Le parcours Systèmes informatiques centrés sur l'humain
s'intéresse donc au positionnement de l'homme dans ce paysage et se
focalise sur les aspects liés à son implication dans ce monde vers
lequel évolue l'informatique actuelle.
Les rapports entre les hommes et les machines changent de
façon considérable, d'une part parce que la
généralisation des réseaux et les évolutions
technologiques associées font que les interactions sont de
plus en plus présentes et multiples et, d'autre part, parce que
l'émergence des nouveaux services, associée à la
puissance des machines actuelles, permet la mise en place d'un
couplage fort, de co-participations de plus en plus importantes et
complexes, l'homme pouvant parfois être relégué
par son avatar dans une activité quelconque. Il faut donc que
la machine puisse interpréter les interactions que lui propose
l'humain et qu'elle puisse l'imiter ou compléter l'interaction
de façon adéquate. Ce parcours dresse un bilan des
avancées en termes de recherche sur ce type de problématique. Il aborde
des problématiques proches des sciences humaines et tisse le lien entre
elles et l'informatique, par le biais d'applications telles que les
environnements de formations, la réalité virtuelle ou la simulation par
l'expémentation.
Le parcours s’articule autour de deux U.E. de fondement et de 3 U.E. d’applications à la recherche de ces fondements. La première des U.E. de fondement est HUM (L’humain : ses codes, ses normes, ses sociétés). Elle s’appuie sur des domaines proches des sciences humaines telles que les sciences cognitives, la sociologie, la sémiologie ou la linguistique et offre un regard épistémologique sur les liens qui se tissent entre les communautés humaines et virtuelles.

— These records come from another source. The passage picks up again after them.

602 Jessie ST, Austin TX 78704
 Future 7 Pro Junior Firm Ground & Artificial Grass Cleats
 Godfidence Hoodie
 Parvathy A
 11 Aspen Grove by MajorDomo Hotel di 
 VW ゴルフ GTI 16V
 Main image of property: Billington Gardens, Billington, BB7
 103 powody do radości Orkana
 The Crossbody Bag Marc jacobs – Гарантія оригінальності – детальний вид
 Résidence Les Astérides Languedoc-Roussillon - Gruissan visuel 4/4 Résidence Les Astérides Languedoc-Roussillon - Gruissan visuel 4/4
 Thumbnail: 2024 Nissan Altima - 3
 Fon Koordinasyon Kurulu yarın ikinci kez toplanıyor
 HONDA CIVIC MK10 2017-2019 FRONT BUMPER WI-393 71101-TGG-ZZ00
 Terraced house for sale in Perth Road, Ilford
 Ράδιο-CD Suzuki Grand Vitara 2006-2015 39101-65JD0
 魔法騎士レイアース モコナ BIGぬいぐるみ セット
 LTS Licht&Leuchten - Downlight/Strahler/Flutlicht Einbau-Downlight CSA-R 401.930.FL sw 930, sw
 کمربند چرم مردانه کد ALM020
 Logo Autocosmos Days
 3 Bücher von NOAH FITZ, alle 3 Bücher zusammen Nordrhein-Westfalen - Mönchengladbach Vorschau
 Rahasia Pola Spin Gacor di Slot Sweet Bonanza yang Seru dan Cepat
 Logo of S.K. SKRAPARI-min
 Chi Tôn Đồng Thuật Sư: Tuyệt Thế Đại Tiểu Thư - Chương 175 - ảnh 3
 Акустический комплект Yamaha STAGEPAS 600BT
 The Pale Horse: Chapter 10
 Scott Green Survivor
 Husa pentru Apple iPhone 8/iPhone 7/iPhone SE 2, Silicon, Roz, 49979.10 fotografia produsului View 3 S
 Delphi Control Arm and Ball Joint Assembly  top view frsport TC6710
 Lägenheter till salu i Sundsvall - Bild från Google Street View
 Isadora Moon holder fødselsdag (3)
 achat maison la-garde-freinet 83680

Elle donne aux étudiants la culture nécessaire pour évaluer certains problèmes de conception et de modélisation, dont les mécanismes d'interprétation humains qui permettent de donner du sens aux entités avec lesquelles l'homme interagit. La seconde U.E. de fondement est CMP (Connaissance, modèles et paradigmes) qui aborde la problématique du partage du « sens » entre la machine et l'homme et les différentes catégories de médiations qui en découlent. Comment la machine peut « interpréter » les informations et ainsi leur donner du sens et comment une médiation entre l'homme et la machine peut être fondée sur un « sens a priori partagé » ? Elle couvre des concepts fondateurs de l’intelligence artificielle, de l’apprentissage artificiel et du paradigme multi-agents, clés de voûte des systèmes ubiquitaires émergents. Les trois U.E. d’application à la recherche de ces problématiques portent respectivement sur la modélisation de l’humain au sein des environnements virtuels avec CRV (Comportements anthropomorphes en réalité virtuelle et augmentée), l’usage et la conception des technologies émergentes illustrées par la présentation de travaux sur les environnements pour l’apprentissage humain et les environnements virtuels collaboratifs au sein de CPU (Communauté, pratiques et usages), et l’expérimentation virtuelle impliquant étroitement modélisateur et simulation, appliquée à la biologie avec LVB (Laboratoire virtuel pour la biologie).
Liste des 5 U.E. de ce parcours :
L'humain
: ses codes, ses normes et ses sociétés (HUM)
Connaissance, modèles et paradigmes (CMP)
Comportements anthropomorphes en réalité virtuelle et augmentée (CRV)
Communautés, pratiques, usages (CPU)
Laboratoire virtuel pour la biologie (LVB)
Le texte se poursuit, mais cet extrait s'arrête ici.